The tower of hanoi is a game/ project we did in class.  in the app on our ipads, we have to use the blocks to move to the third stand in the original order.  After we tried, the app would tell us the actual step we need to get there. Our team tried the game for several times but always takes more steps to complete it. At the end of this game we find an equation show the pattern of this game and can we complete the game perfectly. The equation we prove out is Tn=2^n -1. 
the other lesson was about mathmatical induction.  This looks really complecated at first, but it is actually not when you get it.  First, we need to prove true for n=1, we compare the left and right hand side.  After that, we assume true for n=k, and we need to show true for k+1.  In this step, we replace all the k with k+1. And we simplify.   we rplace the k term with the step when we assume k=n.  And we simplify the problem and we would get same things on both sides and that is thw ultimate goal. 

Trig review week

This week we reviewed trigonometry.  We went over all the trig identities. After reviewing, I became more fimiliar with the identities.  I memorized the most impirtant ones and it helped me with many problems.  For example, the proving type of questions.  Those were exremely hard for me when we first learn it because I never remembered the identities, it was hard for me to recall any when doing the problem so it creates more difficulties. The most troubling part of trig is the double angles for me.  They are still confusing and I hope I can figure them out soon.   the unit circle is very handy when doing trig problems as well, and I am trying to memorize it. 

Parametric equations

Parametric equations of a curve express the coordinates of the points of the curve as functions of a variable, called a parameter. When given a problem, there are x and y variables and also a parameter t.  In order to eliminate the parameter, we have to use elimination or substitution the do so.  If the equations involves trig, we would have to use the trig identities to help eliminating the parameter.   If we want to graph a parametric equation, we first draw a number box of x, y, and t.  The problems are given a limit of the parameter t, we pick numbers between the limit and we get the values of x and y from equations given.  Last, we plot the points. We have to remember to mark the starting point and the direction of the graph.  And we connect the points. 

Partial fraction

Partial fraction is the process of separating a term into its original form. A+b+c.    when looking at a problem, the first thing to do is to factor the denomenator.   After determining whether the factors are linear or nonlinear. If the term is linear, we put a variable A on top of a factor.  If it is not, we put ax+b.  After this, we multiply the greatest common denomenator to the whole thing.  And we factor out the x s and we set systems of equations to solve for A,B,C.  Finally, we write the answer out.    If the power of denomonator is less than the numerator, we have to do long division first.

Sequence and series.

A sequence is consist with elements and a list of numbers.   a series is a list of numbers adding together.  There are wo types of sequence and series , arithmetic and geometric. Arithmatic means that the elements are related by addition. Geometeic means that the slements are related by multiplication. Arithmetic formula is An= A1+(n-1)d.  A1represents the first term of the series. And d is the difference between two terms. N means the nth term.   Geometric formula is An=A1*r^(n-1)   A1is the first term and r is the rate of two terms.  We can get r by dividing any two terms next to each other. We can write eries  into summation formation.    

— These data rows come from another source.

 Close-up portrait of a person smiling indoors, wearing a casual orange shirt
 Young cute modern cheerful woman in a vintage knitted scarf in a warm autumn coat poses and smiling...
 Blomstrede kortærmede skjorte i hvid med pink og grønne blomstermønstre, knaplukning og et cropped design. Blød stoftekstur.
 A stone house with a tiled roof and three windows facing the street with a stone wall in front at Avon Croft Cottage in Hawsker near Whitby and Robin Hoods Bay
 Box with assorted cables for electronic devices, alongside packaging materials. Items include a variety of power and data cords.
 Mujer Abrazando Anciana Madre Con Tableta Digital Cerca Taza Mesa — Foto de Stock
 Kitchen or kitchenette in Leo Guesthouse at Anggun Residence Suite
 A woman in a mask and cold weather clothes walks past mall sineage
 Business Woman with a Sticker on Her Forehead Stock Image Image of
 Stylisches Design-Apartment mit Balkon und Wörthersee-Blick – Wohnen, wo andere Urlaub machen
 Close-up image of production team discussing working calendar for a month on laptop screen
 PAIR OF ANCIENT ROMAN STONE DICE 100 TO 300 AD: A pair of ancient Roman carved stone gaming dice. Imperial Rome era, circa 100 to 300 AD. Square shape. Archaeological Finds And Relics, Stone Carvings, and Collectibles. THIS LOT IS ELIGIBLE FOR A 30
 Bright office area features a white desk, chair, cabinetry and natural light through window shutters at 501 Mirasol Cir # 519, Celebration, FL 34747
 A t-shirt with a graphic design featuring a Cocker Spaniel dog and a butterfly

Graphing systems of inequalities

Systems of inequalities are similar to the system of regular equations.  It is composed of few equations and it has answers that satisfy the equations.  We first graph the indevidule graphs in the system.  secondly, we need to determine which side of the graph satisfy the inequality.  We can determine this by testing a point on the graph.  The final answer will be the area on the graph which all graphs overlap. 

Cramer's rule

Cramer's rule helps to make solving systems if equations easier.  Because the variables are eliminated and we can just deal with numbers.  First, we put coeficients in matrix form and we take the determinate of that.  And we find Dx or Dy by placing the answer colume to the variable. We take determinate of DY and Dx.  Thus, x=Dx/D and same for other variables.

Systems of equations

When we have a systems of equation, we can solve it algebraically and also solve with geometry we can graph or use substitution/elimination.  When we have exactly one answer, it means the system is consistent and independent. That means the lines intersect at exactly one point. When we have a infinete number of solutions, it means he lines overlap each other so every point on the lines is a solution. That is called consistent nod dependent.  When we have no solution, which is when lines are parallel toeach other. There is no intersection, so there is no solution.  Then the system is inconsistent.   

My polar equation pic

Polar coordinates.

This week we learned about pole cordintes.  Those are points on a circular graph.  It contains a r and a angle value. When graphing, if the angle is positive, we look counterclockwise, and if the angle is negative, we count clockwise. We could switch polar and rectangular coordinates back and force. From polar to rectangular, we use x=rCosø and y=rsinø to get x and y value 

Parabola

This week we talked about prabola. Prabola is a u shape graph either going up and down or left or right. Parabolas have derixtrice.  It also has a focus.  The directrix for vertical graphs is y=k-c and for horizontal graph is x=h-c.  The prabola is symmetric, and there is a axis of symmetry.  The equation for parabola is (x-h)^2=4c(y-k).  If the graph is side to side, the equation's x and y switches.  The focus is (h, k+c) and vertices is (h,k).   

rotating conic

When we graph a conic graph that is tilted, we could try to rewrite it back into the normal equation.  The equations have angles, to rewrite this equations, we first need to find the angle.  Cot2x=A-C/B.    We get the A,B,C values from the equation given.  Ax^2+Bxy+Cy^2+Dx+ey+F=0. He second step is to replace x and y with x'cosø-y'sinø and x!sinø+y'cosø.  The last step is to plug in the x and y into the equation. After plugging in, we just do algebra and simplify the new equation.   And now we have a new equation for the rotated conic graph.  

2nd semester goals

Last semester, I think I did good on the homework part. I was able to submit my works on time and made sure I try for all the questions.  I also kept my notes well and I think it really helped me when I needed to review for tests.  Things that I didn't do so well was i didn't review well before the tests, especially the earlier tests. The informations were too much for me to remember without looking back at the notes for several times.  But when the semester was near ending, I realized I need to review more, and I felt note confident on the tests than before.  For this new semester, I want myself to be more focused on study and make sure to arrange times for reviewing and finish my works on time.  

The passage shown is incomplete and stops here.